Embora os incêndios tenham chamado a atenção dos meios de comunicação de todo o mundo, muitos órgãos têm evitado ligar os chamados ‘mega incêndios’ da Europa às alterações climáticas.

Europa: alterações climáticas aumentam o risco de mega incêndios?

Um novo estudo da World Weather Attribution (WWA) analisou registos históricos de meteorologia – mas não modelos climáticos – para perceber como evoluíram, ao longo do tempo, as condições meteorológicas propícias a incêndios.

Para tal, recorreram a um indicador designado Daily Severity Rating (DSR), que integra condições de calor, secura e vento e reflete a dificuldade em dominar um incêndio depois de deflagrar. Os investigadores analisaram o período de sete dias com o DSR mais elevado no sudoeste de França e no centro de Espanha, zonas onde ocorreram os incêndios.

Concluíram que as alterações climáticas causadas pelo homem tornaram as condições favoráveis a incêndios pelo menos duas vezes mais prováveis no sudoeste de França e pelo menos 20 vezes mais prováveis no centro de Espanha. Os cientistas sublinham que se tratam de estimativas conservadoras.

“Quando os incêndios surgem em simultâneo em diferentes regiões, torna-se evidente que as alterações climáticas provocadas pelo homem não só aumentam a probabilidade de fogos mais extremos, como também a sua sincronização”, afirma Andreia Ribeiro, climatóloga no Centro Helmholtz para a Investigação Ambiental, na Alemanha.

“Isso tem um custo real, porque extremos de fogo sobrepostos dificultam a cooperação entre países e a partilha de meios de combate a incêndios precisamente quando esse apoio é mais necessário.”

Segundo a análise, no clima atual, eventos desta intensidade deverão ocorrer uma vez em cada 20 anos no sudoeste de França e uma vez em cada seis anos no centro de Espanha.

A investigadora Clair Barnes, especialista em fenómenos meteorológicos extremos e alterações climáticas no Centre for Environmental Policy do Imperial College London, afirma que estes incêndios não são apenas uma questão de “má sorte” e constituem “um sinal claro do agravamento dos impactos do aquecimento antropogénico”.

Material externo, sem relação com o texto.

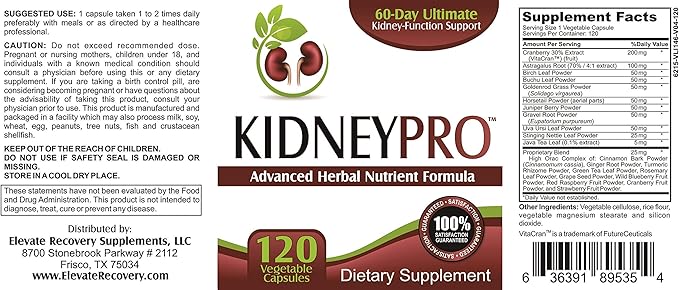 Kidney-Pro: with 21 Kidney Health Supplements 1 Formula Support),120 capsules.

“Um inverno chuvoso, seguido deste verão intensamente seco e de uma sucessão de ondas de calor deixou as florestas carregadas de combustível seco, e o calor persistente – alimentado pelas alterações climáticas causadas pelo homem – criou condições para que qualquer faísca se propague e se transforme em incêndios florestais enormes e perigosos”, afirma.

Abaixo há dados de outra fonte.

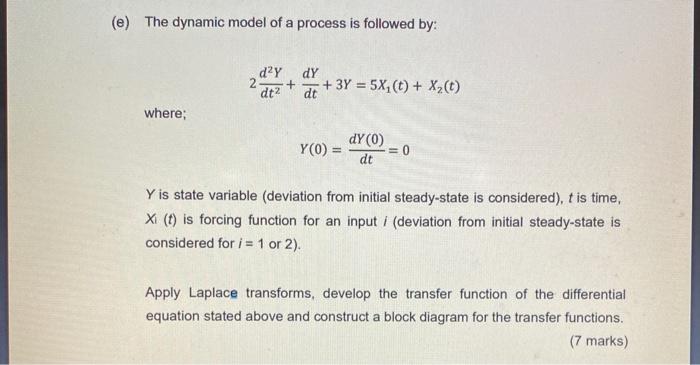 Solved (e) The dynamic model of a process is followed by: | Chegg.com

Ontem (30 de julho), outro estudo publicado na revista Scientific Reports analisou os registos nacionais de incêndios florestais de Portugal, Espanha, França, Itália e Grécia, em conjugação com dados de meteorologia e clima entre 1981 e 2025.

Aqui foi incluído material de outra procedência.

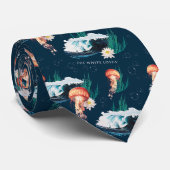 Cravate Le Motif de la méduse blanche Lotus Ocean (Roulé)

Os investigadores concluíram que, em partes de França e de Espanha, a intensidade das condições meteorológicas que favorecem incêndios aumentou até 50 por cento entre 2016 e 2025 face ao período de 1981 a 2010.

Também o número de dias com “condições altamente favoráveis a incêndios” subiu de menos de 10 dias por verão entre 1981 e 2010 para cerca de 25 dias na última década em zonas de cada um dos países analisados.

Europa: ONU apela a transição mais rápida dos combustíveis fósseis

Na sequência da análise de atribuição da WWA, o secretário executivo para as alterações climáticas da ONU, Simon Steill, afirma que os mega incêndios na Europa mostram quão rapidamente o calor extremo causado pelas alterações climáticas e as paisagens secas podem transformar fogos florestais em “devastadoras catástrofes nacionais”.

“A humanidade continua a queimar quantidades colossais de carvão, petróleo e gás, cozendo o planeta, tornando estas condições mais perigosas e estes mega incêndios mais mortais e destrutivos”, alerta.

“Mas as soluções são igualmente claras: todos os países têm de acelerar a transição dos combustíveis fósseis para as energias renováveis e proteger as populações dos impactos climáticos crescentes, desde incêndios florestais a megatempestades e cheias, até secas que afetam a produção alimentar.”

Segundo a Comissão Europeia, o número de pessoas que vivem junto a zonas silvestres e estão expostas a níveis de perigo de incêndio de alto a extremo durante pelo menos 10 dias por ano na UE aumentaria em 15 milhões com apenas 3 ºC de aquecimento. As alterações climáticas provocadas pelo homem já fizeram subir a temperatura média da superfície global cerca de 1,3 a 1,5 ºC face aos níveis pré-industriais.